We tend to think of AI as a daunting new prospect, that only the most technologically-savvy software engineers could possibly understand. But AI is actually more accessible than we often perceive it to be.

If you’ve ever:

  • Modelled a complex situation in excel
  • Dealt with large amounts of information
  • Systematically solved a logic puzzle
  • Thoughtfully criticized a performance indicator

Then you likely have most of the skills you need to build AI.

To start, let’s review some of the tasks that we’ve been able to get computers to perform using AI:

  • Recognising handwritten digits
  • Converting speech to text
  • Designing efficient electronic circuits
  • Walking on four legs in a forest
  • Holding an inverted pendulum upright
  • Playing chess
  • Efficient targeting of advertisements
  • Predicting stock prices and pricing financial derivatives
  • Scheduling and planning
  • Playing Super Mario Brothers
  • Discovering new mathematical proofs
  • Translating documents

I believe there is something that unifies all these examples. To explain what it is, let’s start by reviewing the Richard Feynman technique for solving problems:

  1. Write down the problem.
  2. Think very hard.
  3. Write down the answer.

Compare and contrast with the data scientist’s problem-solving technique:

  1. Write down the problem.
  2. Let the computer think very hard.
  3. Write down the answer.

So what does the computer need to “think very hard”?

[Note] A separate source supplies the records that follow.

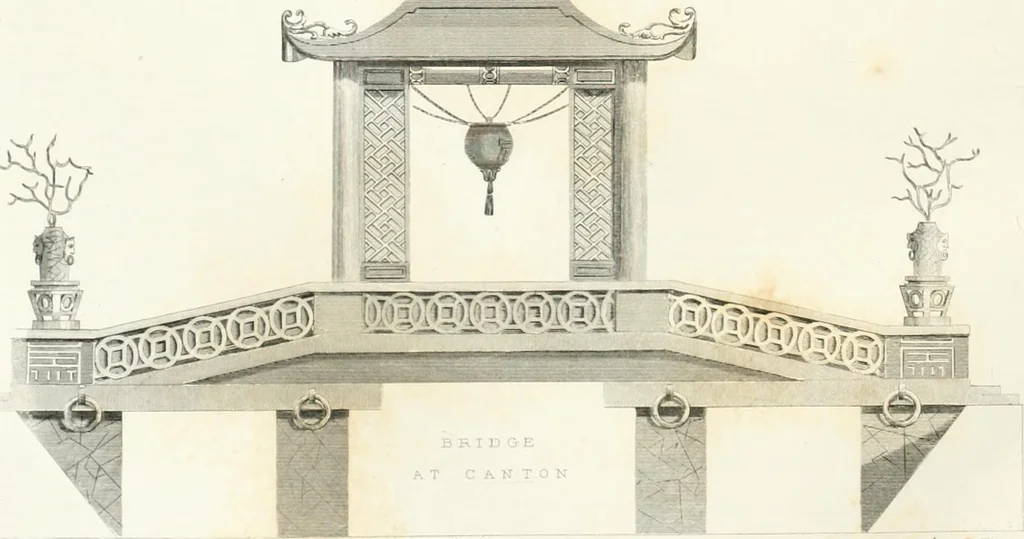An illustration from Encyclopedia of architecture : a dictionary of the science and practice of architecture, building, carpentry, etc., from the earliest ages to the present time, forming a comprehensive work of reference for the use of architects, builders, carpenters, masons, engineers, students, professional men, and amateurs, 1852, leaf 233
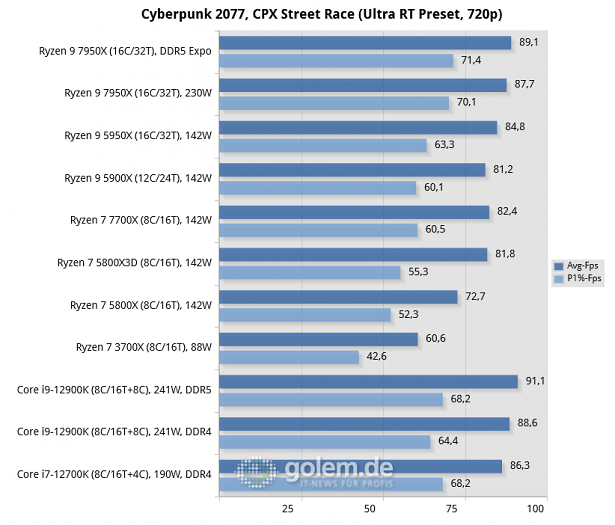 Z690, X570, X670E, Geforce RTX 3080 Ti FE, 32 GByte DDR4-3600, DDR5-4800/5200/6000, Win11 v21H2, Geforce 516.94 (Bild: Golem.de)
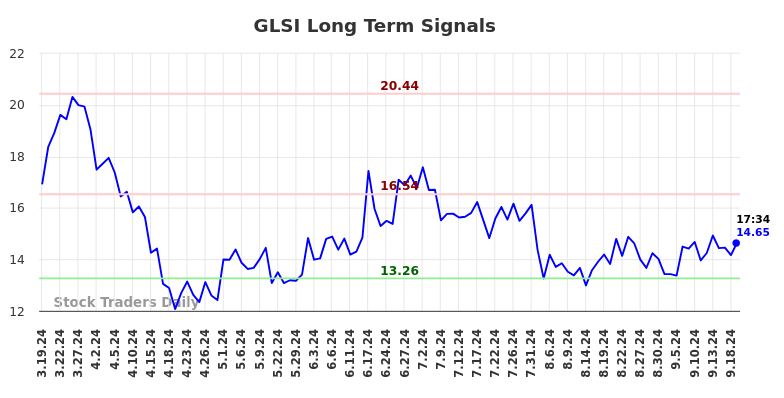 GLSI Long Term Analysis for September 19 2024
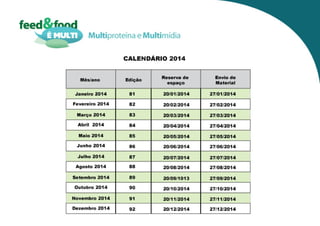 Multiproteína & multimídia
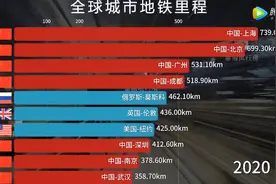 全球城市地铁里程排行榜，基建狂魔实力碾压场面爆裂图片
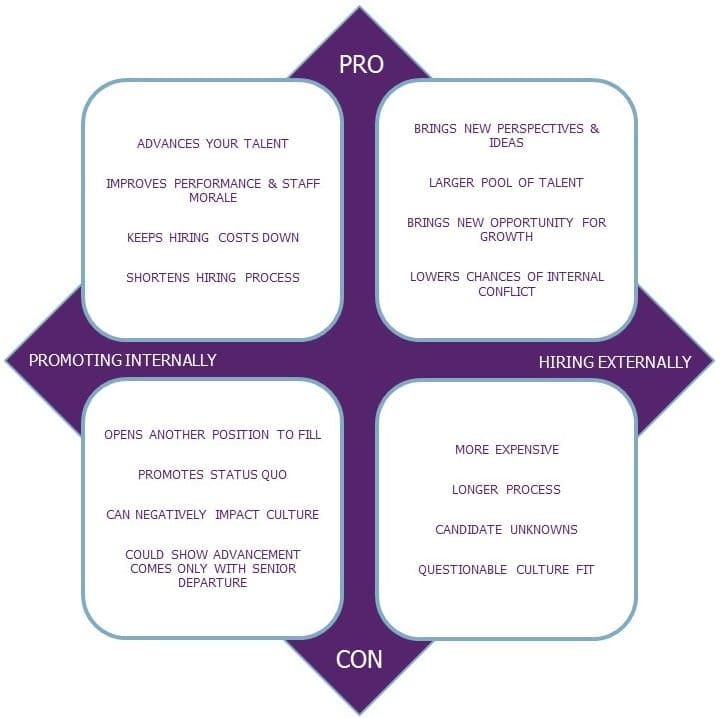Liddell-Chart-April-Newsletter | Liddell Consulting Group #alt_tagLiddell-Chart-April-Newsletter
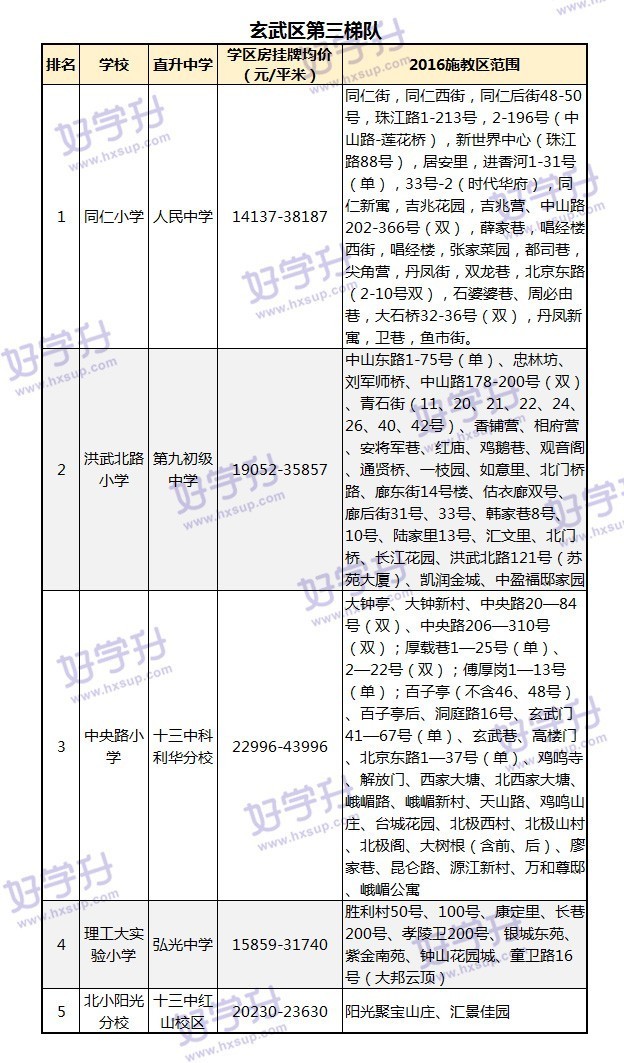 重磅來襲！可能是南京最全的小學排名（內附對應房價和施教區）。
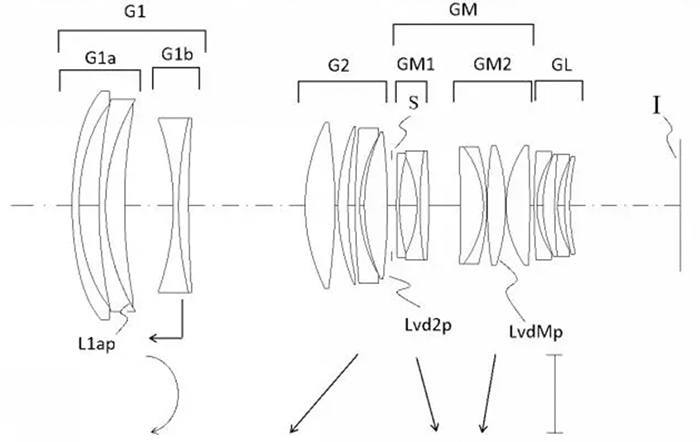 SIGMA ĐĂNG KÝ BẰNG SÁNG CHẾ ỐNG KÍNH 45-90MM F/1.8 FULL-FRAME, LIỆU CÓ RA MẮT THỰC TẾ?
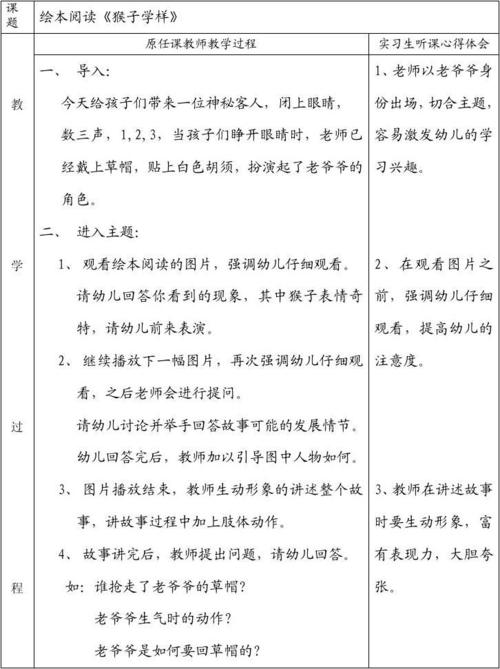 2018幼儿园实习报告摘要（1）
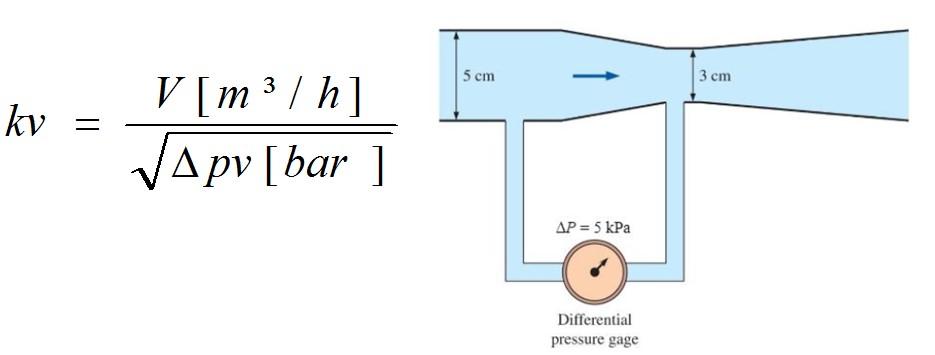 Şekil.5 - Kv ve Fark basıncı Sıcaklık farkı T; Soğutma ve ısıtma hatlarında kullanılan vanalarda debiyi belirleyen faktörlerden birisi de gidiş ile dönüş suyu arasındaki sıcaklık farkıdır.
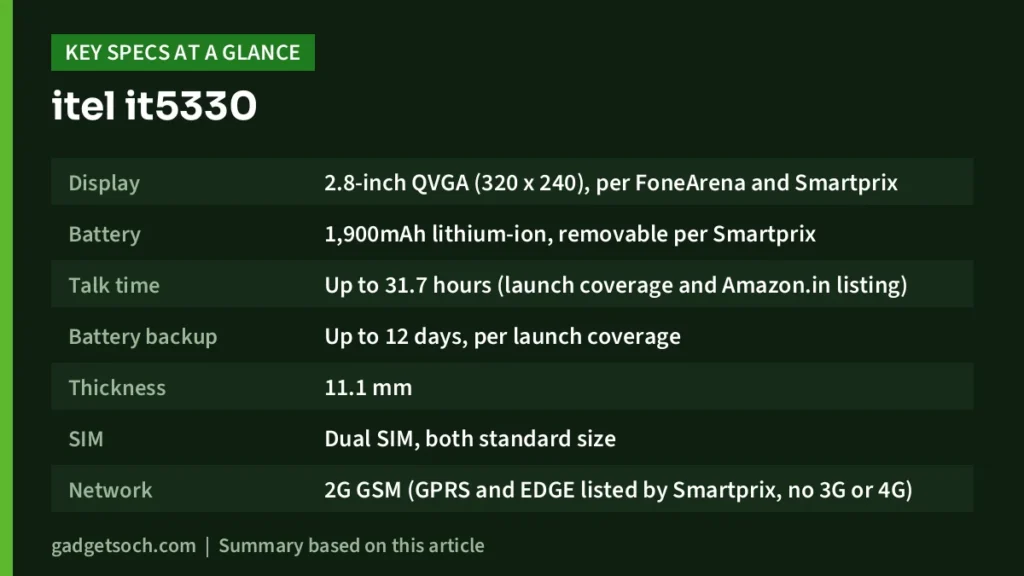 itel it5330 key specs at a glance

  1. Representation:  What does the problem look like? What would a solution look like?
  2. Evaluation: How do you tell how good a solution is?
  3. Optimisation: How do we efficiently move from one possibility to the next in order to discover the best one?

Every breakthrough in AI has discovered a new method of doing one of the above.


Moravec’s Paradox illustrates this nicely. “The hard things are easy, and the easy things are hard.” Tasks, like beating a grandmaster in chess or discovering novel mathematical proofs were achieved by AI before a task like “recognize the number seven when it’s written down.”

A big reason for this is representation.

It’s relatively straightforward to represent the state of a chess board and encode the rules for checkmate. A formal (i.e. programmable) definition of a mathematical proof was proposed in 1910.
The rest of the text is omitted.